Here is Prob. 10 (a), Sec. 26, in the book Topology by James R. Munkres, 2nd edition:
Prove the following partial converse to the uniform limit theorem:
Theorem. Let $f_n \colon X \to \mathbb{R}$ be a sequence of continuous functions, with $f_n(x) \to f(x)$ for each $x \in X$. If $f$ is continuous, and if the sequence $f_n$ is monotone increasing, and if $X$ is compact, then the convergence is uniform. [We say that $f_n$ is monotone increasing if $f_n(x) \leq f_{n+1}(x)$ for all $n$ and $x$.]
Here is another post of mine here on Math Stack Exchange on this very problem, where I've also given a proof of the analogue of this very result.
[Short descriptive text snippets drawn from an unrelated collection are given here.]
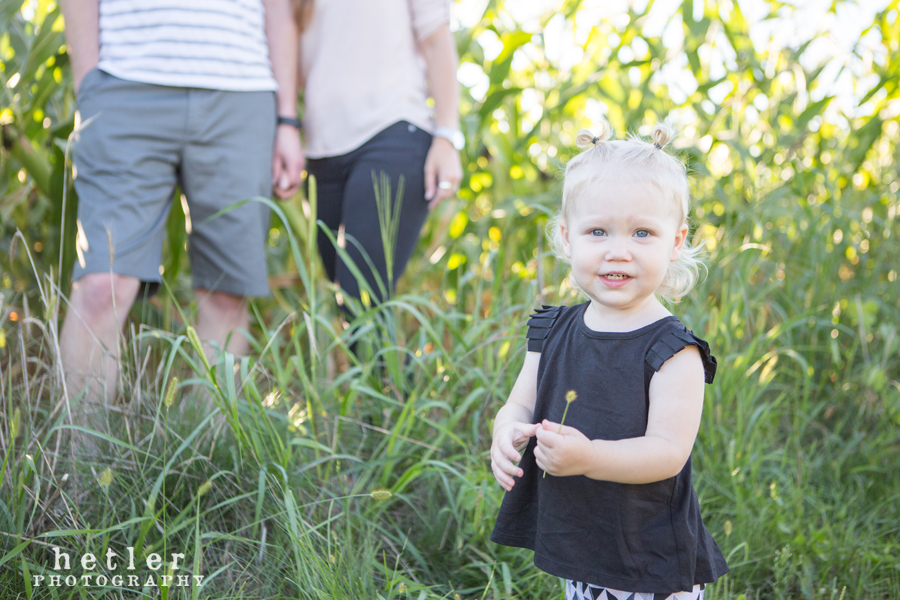 grand rapids family photography in cornfield 0003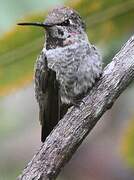 Anna's Hummingbird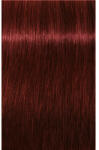 Schwarzkopf Igora Royal Vopsea de Păr Permanentă 60ml Culoare Intensă și Durabilă (SK1689034)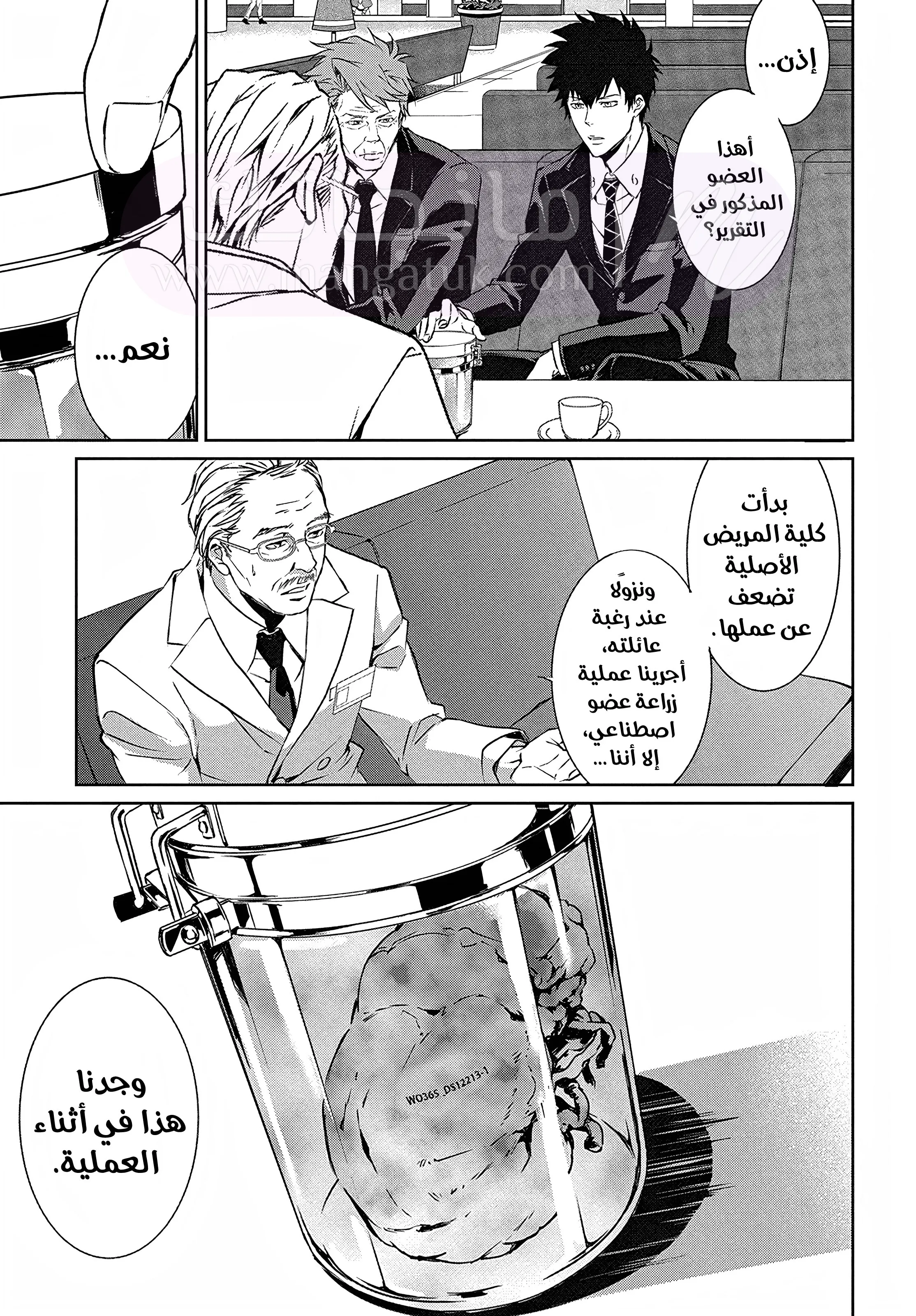 الصفحة 11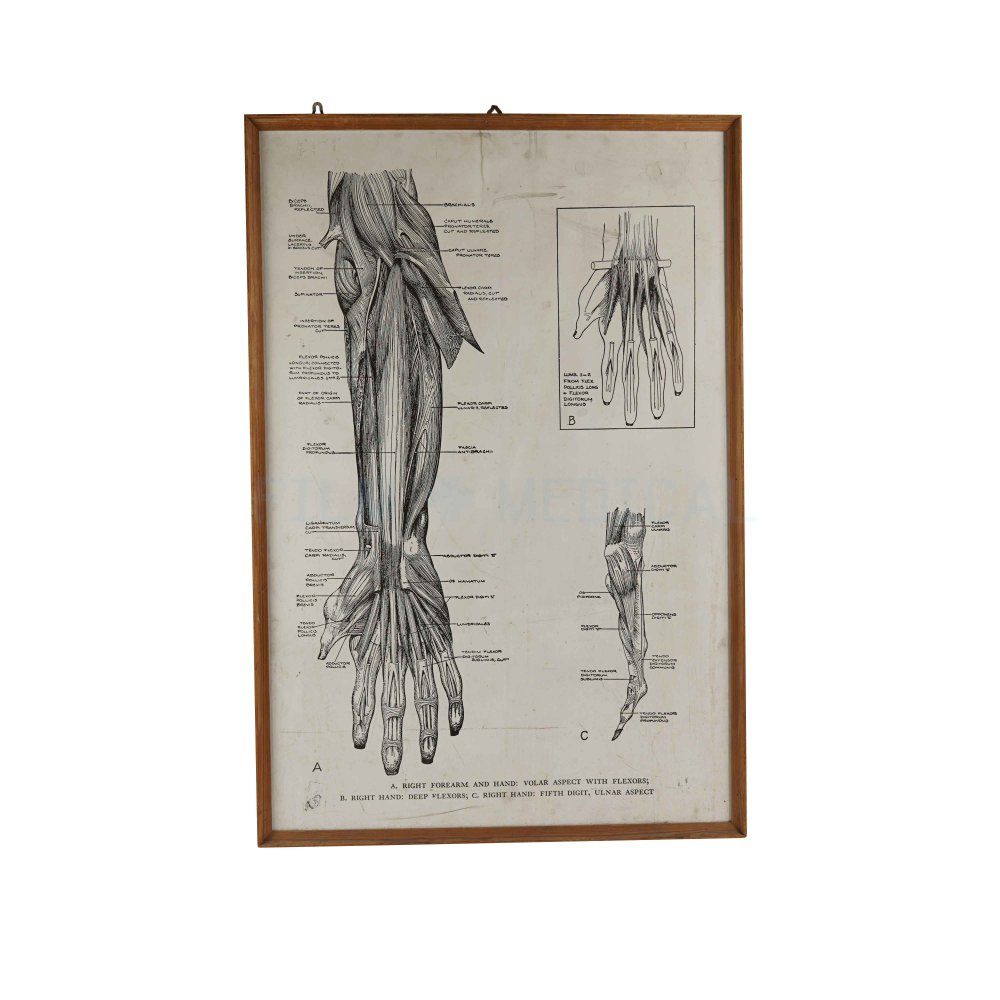 Primate Forearm Poster 75x110 FILM MEDICAL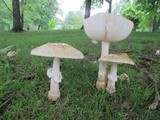 Amanita velatipes image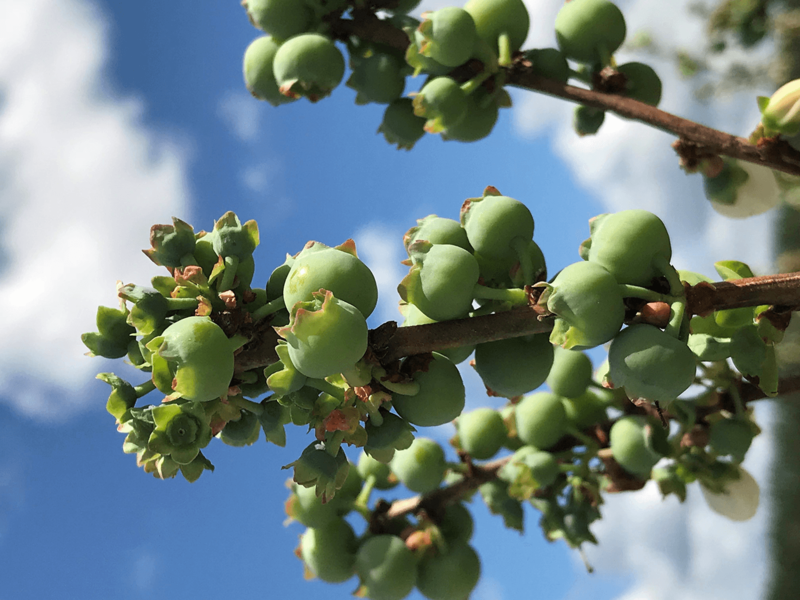 Florida growers see strong fruit markets ahead Blueberry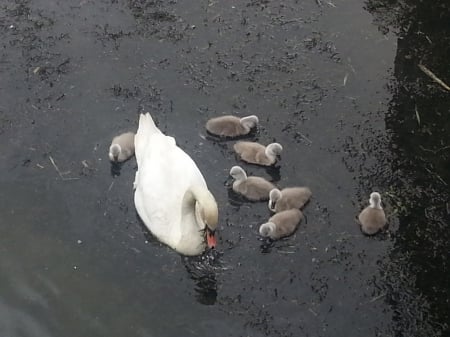 Swan family - animal, swan, bird, cygnet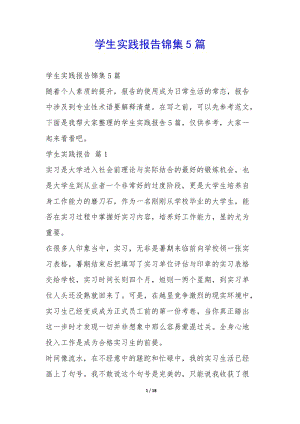 學(xué)生實(shí)踐報(bào)告錦集5篇-(編輯修改稿)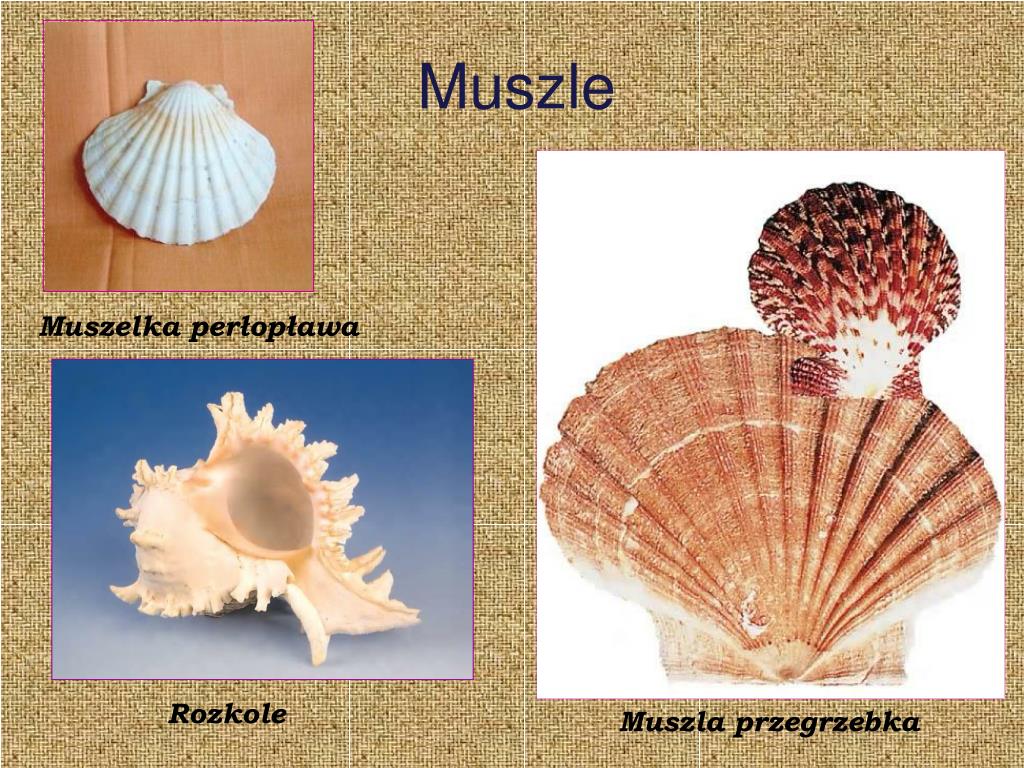 Mięczaki Zwierzęta O Miękkim Ciele Okrytym Muszlą PPT - Morze Bałtyckie PowerPoint Presentation, free download - ID:4114665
In what follows, I'll try to give a different proof of this result.
My Attempt:
Let $\varepsilon > 0$ be given.
For each $x \in X$, as the sequence $f_n(x)$ is a monotonically increasing, convergent sequence of real numbers with limit $f(x)$, so we must have $$ f(x) = \sup \left\{ \ f_n(x) \ \colon \ n \in \mathbb{N} \ \right\}. \tag{0} $$ Moreover, the set $$ \big( \ f(x) - \varepsilon, \, f(x) + \varepsilon \ \big) = \{ \ y \in \mathbb{R} \ \colon \ f(x) - \varepsilon < y < f(x) + \varepsilon \ \} $$ is an open subset of $\mathbb{R}$, and as $f$ is continuous, so the inverse image $$U_x \colon= f^{-1} \left( \ \big( \ f(x) - \varepsilon, \, f(x) + \varepsilon \ \big) \ \right) = \{ \ u \in X \ \colon \ f(x) - \varepsilon < f(u) < f(x) + \varepsilon \ \} \tag{1} $$ is an open set in $X$ and $x \in f^{-1} \left( \ \big( \ f(x) - \varepsilon, \, f(x) + \varepsilon \ \big) \ \right)$, because $$ f(x) - \varepsilon < f(x) < f(x) + \varepsilon \tag{2} $$ holds. Furthermore, as $$ \lim_{n \to \infty} f_n(x) = f(x), $$ so there exists a natural number $N_x$ such that $$ \left\lvert f_n(x) - f(x) \right\rvert < \varepsilon \tag{3} $$ for all natural numbers $n > N_x$.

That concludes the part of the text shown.